Da’ech continue le déplacement des habitants de la ville d’Abou Hamam – à Deir Ezzor Près de 367 victimes, 240 disparus et 33 000 déplacés d’Abou Hamam

Près de 367 victimes, 240 disparus et 33 000 déplacés d’Abou Hamam.
La ville d’Abou Hamam se situe dans la campagne orientale du gouvernorat de Deir Ezzor, à 65 km du centre de cette dernière. Deux villages (Granig et Kchekéh) dépendent administrativement d’Abou Hamam considéré comme le plus important centre de la tribu al-Cha’aytat.
Au mois de juillet 2014, l’organisation Da’aech qui s’est dénommée « l’Etat Islamique » a imposé sa mainmise sur la plupart des régions de l’est de Deir Ezzon après de longues batailles avec le front al-Nosra et quelques groupes de l’opposition armée se trouvant dans la zone. La majorité des membres de ces groupes sont issus de la tribu al-Cha’aytat demeurant à Abou Hamam.
Lundi 3 juillet 2014, Da’ech a conclut un accord avec la tribu al-Cha’aitat, stipulant que les groupes armés remettent leurs armes à D’aech en échange d’abandonner la bataille. Quelques jours plus tard, Da’ch a transgressé l’accord en arrêtant des dizaines de membres de la tribu, ce qui a ravivé les affrontements entre les deux parties.
Mardi 5 août 2014, Da’ech a déclaré la ville d’Abou Hamam comme zone militaire et a ordonné aux résidents civils d’évacuer la ville. Ensuite a commencé le bombardement de la ville par l’artillerie et les missiles de mortier, suivis par l’invasion.
Dimanche 10 août 2014, Da’ech a pris le contrôle complet de la ville ainsi que les villages de Granij et al-Kechkieh, les membres de l’opposition armée se sont retirés tandis que des milliers d’habitants, craignant la vengeance de Da’ech, se sont déplacés pour trouver refuge dans les villages de la campagne d’Abou-Kamal (Deir ezzor).

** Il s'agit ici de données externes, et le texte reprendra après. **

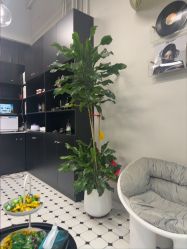 -老男孩男士理容馆·理发·烫染·修面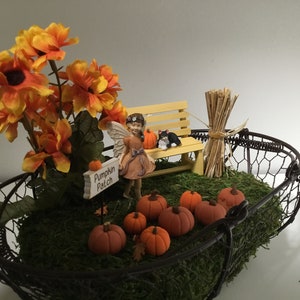 Peut inclure: Une sc&egrave;ne de jardin de f&eacute;es miniature dans un panier en fil de fer avec une f&eacute;e tenant une pancarte qui dit "Pumpkin Patch". Il y a des citrouilles miniatures, un banc jaune, un chat noir et des fleurs orange.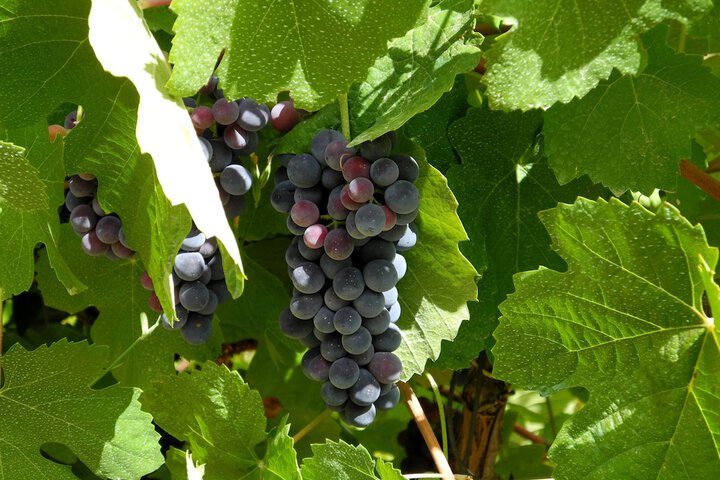 Vineyard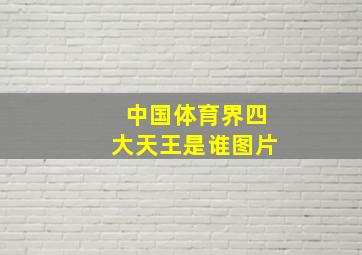 中国体育界四大天王是谁图片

Les violations perpétrées par Da’ech dans la ville d’Abou Hamam :
A/ Les massacres commis par Da’ech et documentés par le Réseau Syrien des Droits de l’Homme, durant les deux premières semaines d’août 2014 : 367 morts
• 91 civils, dont 2 enfants et 2 femmes
• 276 individus armés, d’abord arrêtés, puis exécutés par balles.
B/ Les déplacements forcés depuis 10 août 2014 : l’estimation du Réseau Syrien des Droits de l’Homme atteint environ 33 000 personnes forcées par Da’ech à quitter la ville d’Abou Hamam et les villages appartenant à cette dernière.